Home entertainment has come a long way since the days of Pacman and Pong. From the latest instalment of "Grand Theft Auto" to Massive Multiplayer Online Role Playing Games (MMORPGs) such as "World of Warcraft", today's gamers are treated to vivid graphics and immersive worlds.
Now the companies behind the consoles are looking to bring gaming technology into video calls, making them a fully immersive experience.

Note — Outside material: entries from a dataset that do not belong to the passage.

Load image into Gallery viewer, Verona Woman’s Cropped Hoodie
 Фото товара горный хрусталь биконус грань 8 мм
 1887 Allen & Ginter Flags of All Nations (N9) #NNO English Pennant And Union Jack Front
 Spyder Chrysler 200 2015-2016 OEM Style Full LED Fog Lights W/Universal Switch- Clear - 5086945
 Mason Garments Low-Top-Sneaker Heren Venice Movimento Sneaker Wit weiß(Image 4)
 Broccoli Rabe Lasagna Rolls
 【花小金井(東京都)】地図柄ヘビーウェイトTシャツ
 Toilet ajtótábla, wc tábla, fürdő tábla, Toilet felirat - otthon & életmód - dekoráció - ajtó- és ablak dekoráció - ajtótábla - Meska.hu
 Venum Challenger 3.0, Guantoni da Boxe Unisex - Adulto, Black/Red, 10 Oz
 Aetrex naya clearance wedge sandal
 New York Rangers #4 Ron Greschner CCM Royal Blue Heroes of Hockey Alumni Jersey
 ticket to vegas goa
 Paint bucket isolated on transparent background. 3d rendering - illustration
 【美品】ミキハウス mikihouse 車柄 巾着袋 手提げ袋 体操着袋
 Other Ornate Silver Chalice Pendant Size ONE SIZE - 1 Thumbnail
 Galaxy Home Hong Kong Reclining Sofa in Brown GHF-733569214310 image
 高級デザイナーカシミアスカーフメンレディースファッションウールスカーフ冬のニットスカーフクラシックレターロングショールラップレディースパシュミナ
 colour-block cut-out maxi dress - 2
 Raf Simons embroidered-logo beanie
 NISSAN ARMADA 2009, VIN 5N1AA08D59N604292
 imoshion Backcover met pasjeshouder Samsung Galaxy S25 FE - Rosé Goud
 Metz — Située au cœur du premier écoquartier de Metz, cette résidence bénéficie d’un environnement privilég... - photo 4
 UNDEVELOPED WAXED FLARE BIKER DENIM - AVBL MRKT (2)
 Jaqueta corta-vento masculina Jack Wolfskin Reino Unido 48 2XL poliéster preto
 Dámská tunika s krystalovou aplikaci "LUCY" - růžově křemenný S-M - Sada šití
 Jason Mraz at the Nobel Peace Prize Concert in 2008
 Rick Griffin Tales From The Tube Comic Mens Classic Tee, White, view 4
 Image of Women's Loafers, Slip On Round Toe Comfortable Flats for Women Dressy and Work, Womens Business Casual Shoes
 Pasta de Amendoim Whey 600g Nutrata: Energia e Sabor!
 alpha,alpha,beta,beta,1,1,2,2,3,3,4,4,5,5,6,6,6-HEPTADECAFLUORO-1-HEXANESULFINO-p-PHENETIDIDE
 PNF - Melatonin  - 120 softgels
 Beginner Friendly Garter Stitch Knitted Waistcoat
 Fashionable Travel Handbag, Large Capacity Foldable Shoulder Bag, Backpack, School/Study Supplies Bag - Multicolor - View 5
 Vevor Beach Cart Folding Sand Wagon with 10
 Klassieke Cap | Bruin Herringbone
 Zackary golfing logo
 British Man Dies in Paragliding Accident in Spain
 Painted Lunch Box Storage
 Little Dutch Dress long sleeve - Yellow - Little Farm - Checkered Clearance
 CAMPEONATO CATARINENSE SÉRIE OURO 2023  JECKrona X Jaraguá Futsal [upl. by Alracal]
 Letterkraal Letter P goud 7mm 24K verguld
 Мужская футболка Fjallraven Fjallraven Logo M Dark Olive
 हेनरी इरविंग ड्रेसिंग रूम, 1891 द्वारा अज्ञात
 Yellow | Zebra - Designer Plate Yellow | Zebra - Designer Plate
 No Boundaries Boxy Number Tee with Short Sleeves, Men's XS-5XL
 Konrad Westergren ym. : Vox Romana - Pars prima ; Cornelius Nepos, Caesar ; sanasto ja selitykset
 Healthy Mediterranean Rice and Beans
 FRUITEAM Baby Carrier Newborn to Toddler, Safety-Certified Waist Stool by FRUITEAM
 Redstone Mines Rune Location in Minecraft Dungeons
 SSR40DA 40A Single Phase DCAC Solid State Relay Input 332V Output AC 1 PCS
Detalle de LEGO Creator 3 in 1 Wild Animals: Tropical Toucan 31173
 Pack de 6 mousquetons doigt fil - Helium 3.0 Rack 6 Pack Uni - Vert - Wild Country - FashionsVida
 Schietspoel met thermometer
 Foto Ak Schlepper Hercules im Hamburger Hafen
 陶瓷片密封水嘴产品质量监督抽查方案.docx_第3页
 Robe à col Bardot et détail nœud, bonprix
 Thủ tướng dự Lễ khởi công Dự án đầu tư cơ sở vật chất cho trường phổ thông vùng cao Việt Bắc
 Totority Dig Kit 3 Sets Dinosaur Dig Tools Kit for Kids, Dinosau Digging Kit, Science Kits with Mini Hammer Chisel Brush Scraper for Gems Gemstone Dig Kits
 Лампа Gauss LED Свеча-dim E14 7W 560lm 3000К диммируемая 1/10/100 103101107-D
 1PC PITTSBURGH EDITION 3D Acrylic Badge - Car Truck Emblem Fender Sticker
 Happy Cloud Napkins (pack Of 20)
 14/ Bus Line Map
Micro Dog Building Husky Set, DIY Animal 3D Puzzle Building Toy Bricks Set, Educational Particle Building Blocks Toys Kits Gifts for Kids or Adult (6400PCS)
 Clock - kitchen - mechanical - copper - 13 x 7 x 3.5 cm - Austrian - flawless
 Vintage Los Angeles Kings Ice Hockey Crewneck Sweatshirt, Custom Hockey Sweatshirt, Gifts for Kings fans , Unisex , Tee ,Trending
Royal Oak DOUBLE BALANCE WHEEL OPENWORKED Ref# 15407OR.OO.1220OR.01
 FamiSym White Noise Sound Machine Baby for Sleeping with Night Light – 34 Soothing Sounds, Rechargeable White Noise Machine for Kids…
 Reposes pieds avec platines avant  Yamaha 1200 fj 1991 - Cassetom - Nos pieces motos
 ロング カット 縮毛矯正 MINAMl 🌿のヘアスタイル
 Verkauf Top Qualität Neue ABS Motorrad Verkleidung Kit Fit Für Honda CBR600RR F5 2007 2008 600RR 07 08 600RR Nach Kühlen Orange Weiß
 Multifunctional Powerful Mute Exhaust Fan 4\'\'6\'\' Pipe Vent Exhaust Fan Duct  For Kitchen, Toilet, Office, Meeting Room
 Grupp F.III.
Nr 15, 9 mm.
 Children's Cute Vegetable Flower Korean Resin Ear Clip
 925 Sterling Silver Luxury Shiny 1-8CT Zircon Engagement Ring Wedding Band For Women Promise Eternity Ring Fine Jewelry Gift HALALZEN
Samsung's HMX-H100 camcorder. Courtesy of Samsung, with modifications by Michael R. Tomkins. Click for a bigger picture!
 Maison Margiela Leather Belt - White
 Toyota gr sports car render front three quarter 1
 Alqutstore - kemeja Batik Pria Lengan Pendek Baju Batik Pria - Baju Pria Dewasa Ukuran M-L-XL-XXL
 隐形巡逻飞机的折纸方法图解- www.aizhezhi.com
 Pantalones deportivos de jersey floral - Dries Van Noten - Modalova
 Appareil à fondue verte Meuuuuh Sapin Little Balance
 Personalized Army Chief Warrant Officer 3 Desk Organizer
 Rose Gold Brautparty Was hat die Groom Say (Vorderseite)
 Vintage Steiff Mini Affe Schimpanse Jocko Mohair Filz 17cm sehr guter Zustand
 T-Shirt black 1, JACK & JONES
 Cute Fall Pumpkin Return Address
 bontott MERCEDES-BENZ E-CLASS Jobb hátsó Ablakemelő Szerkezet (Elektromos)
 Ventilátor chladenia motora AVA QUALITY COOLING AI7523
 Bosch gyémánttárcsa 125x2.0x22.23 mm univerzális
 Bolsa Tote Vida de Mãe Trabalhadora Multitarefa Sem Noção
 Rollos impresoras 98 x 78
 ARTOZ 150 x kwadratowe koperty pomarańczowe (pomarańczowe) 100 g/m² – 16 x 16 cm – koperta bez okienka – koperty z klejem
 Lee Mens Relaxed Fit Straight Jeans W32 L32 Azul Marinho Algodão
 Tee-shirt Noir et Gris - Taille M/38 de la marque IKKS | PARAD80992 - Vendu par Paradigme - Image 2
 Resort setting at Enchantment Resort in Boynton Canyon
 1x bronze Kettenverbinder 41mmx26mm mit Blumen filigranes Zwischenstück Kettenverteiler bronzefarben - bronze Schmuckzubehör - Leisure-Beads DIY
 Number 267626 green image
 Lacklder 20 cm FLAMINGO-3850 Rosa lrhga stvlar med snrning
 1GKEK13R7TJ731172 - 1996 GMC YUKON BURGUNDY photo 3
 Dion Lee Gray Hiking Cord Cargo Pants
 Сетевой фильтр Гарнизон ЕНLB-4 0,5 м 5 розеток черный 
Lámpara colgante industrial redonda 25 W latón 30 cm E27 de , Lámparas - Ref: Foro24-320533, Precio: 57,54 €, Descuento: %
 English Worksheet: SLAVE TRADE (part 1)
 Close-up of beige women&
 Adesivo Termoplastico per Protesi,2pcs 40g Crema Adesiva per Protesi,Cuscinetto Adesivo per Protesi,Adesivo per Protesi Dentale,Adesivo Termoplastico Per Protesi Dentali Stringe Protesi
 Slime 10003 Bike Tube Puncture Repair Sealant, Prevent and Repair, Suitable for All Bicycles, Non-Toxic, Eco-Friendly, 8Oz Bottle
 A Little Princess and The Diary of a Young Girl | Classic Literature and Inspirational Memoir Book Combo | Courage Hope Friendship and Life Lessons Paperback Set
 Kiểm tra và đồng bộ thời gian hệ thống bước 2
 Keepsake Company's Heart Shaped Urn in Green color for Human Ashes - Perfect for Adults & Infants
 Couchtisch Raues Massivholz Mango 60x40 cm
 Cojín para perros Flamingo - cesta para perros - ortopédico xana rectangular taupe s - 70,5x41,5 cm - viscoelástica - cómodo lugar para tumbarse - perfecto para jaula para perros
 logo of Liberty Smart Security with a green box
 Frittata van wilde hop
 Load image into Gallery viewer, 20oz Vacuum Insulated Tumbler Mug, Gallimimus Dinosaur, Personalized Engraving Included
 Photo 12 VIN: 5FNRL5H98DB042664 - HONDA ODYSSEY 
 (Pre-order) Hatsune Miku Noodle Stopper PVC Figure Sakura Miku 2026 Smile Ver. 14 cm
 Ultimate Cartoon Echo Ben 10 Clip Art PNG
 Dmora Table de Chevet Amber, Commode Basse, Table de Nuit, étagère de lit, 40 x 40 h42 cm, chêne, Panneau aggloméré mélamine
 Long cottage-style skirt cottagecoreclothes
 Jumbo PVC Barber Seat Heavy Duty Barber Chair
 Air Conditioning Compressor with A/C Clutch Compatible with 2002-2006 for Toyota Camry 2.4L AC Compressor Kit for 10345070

The recent launches of Sony's PlayStation 4 and Microsoft's Xbox One were events in themselves, sparking overnight queues. To date, over a million PlayStation 4s have been sold, while over two million gamers have snapped up the Xbox One. Gaming is big business: Activision Blizzard, the company behind titles such as Call of Duty and World of Warcraft, posted revenues of $4.86 billion in 2012.
(Read more: How the business of bionics is changing lives)
"Gaming has exploded in the last 10 years," Alex Simmons, Editor in Chief of video games website IGN.com, told CNBC's Innovation Cities. "Just to put it into context, over 50 percent of Americans play games on dedicated games machines. It's as part of ordinary, everyday life as, you know, reading a book or watching a movie. But video games are really bringing it all together into one package."
Gaming now possesses more than the power simply to entertain us – it also has the potential to change our domestic lives. Microsoft is developing technology that it predicts will revolutionize the way in which we connect with friends and loved ones.
(Read more: Lecture hall or laptop? Students go online)
The company is working on a 'Magic Window' which will enable people to have conversations via a large screen – or even a picture frame – that look and feel real, but are actually taking place thousands of miles apart, in a front room or kitchen. This may all sound like a conventional webcam chat, but Microsoft say it's much more than that.